The 2013 finals were held last month and the resounding winners were the New (or Neaveau) Brunswick trio of Julie Aubé, Katrine Noël and Vivianne Roy, better known as Les Hay Babies.

No mean feat for a band that only formed some 18 months ago, primarily because the girls were sick and tired of competing against one another in numerous regional battle of the bands contests. Realising that three heads are better than one, the girls got together and formed Les Hay Babies at the back end of 2011.

On the back of some solid gigging in both their native Canada and the more enlightened (i.e. francophone) regions of Europe, the band last summer released their debut bilingual 6-track EP through their bandcamp webpage.

The band define themselves as Indie-Folk and the EP is a mix of both French and English language songs, all showcase the girls’ tight harmonies, ably backed by their guitar and ukulele… and banjo plucking (it’s country-folk, after al).

The opener, the plaintive sung-in-English “Horse on Fire”, neatly dovetails into the rasping “Chu pas une femme à marier”, both of which are great folk ballads, separated – or more likely united – by the differing languages. In fact the band switch seamlessly between French and English, often mid-song. It’s nice to hear that the girls askew moderating the French-Canadian accent and pronunciation (although this can present a few challenges!)

There’s more than a hint of Chantal Archambault and last year’s Francouvertes winners (and blog favourites) Les Soeurs Boulay, especially on the plaintive “Obsédée” and whistful “Le bear song.”

The band remain truer to their country-folk roots than some of the compatriots, which may make this EP harder to warm to. Stick with it as it is well worth the effort and appreciate the girls’ vocal harmonisation and finally crafted and beautifully sympathetic songs.

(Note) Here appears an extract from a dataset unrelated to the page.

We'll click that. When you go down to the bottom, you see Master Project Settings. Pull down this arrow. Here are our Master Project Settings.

Amongst the prizes, as winners of the Francouvertes, the girls win some quality recording time an distribution of the resulting album. Hopefully this should be available later this year or early 2014…

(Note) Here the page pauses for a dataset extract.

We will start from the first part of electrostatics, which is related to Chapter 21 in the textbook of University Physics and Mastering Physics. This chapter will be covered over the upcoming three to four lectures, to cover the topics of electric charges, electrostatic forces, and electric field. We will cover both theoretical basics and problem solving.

(Thanks for this guestpost, Steve!)

Written by guuzbourg

French girls, singing. No, sighing. Making me sigh. Ah.

This article has 6 comments

  1. Pingback: » Hay Babies!

  2. Sky

    “Fainali, xen, aafte sam 20 iers ov orxogrefkl riform, wi wud hev a lojikl, kohirnt speling in ius xrewawt xe Ingliy-spiking werld.”
    ― Mark Twain

  3. SteveinSoCal

    Hi Natasha, typos are the bane of my life! Seriously thougj, thanks for the Wiki link, which goes some way as to why the band’s between song patter at the Francouvertes and their song lyrics were scattered with English. As for the New / Nouveau – I’d pulled some background off of the bands website (in FR – hence Nouveau Brunswick), but I take your point. Then again, does this mean I need to write “Marseilles” rather than “Marseille”?

  4. Theo

    Nice! (Because of where they’re from) is this the more archaic Acadian French of New Brunswick than the joual you hear in Quebec?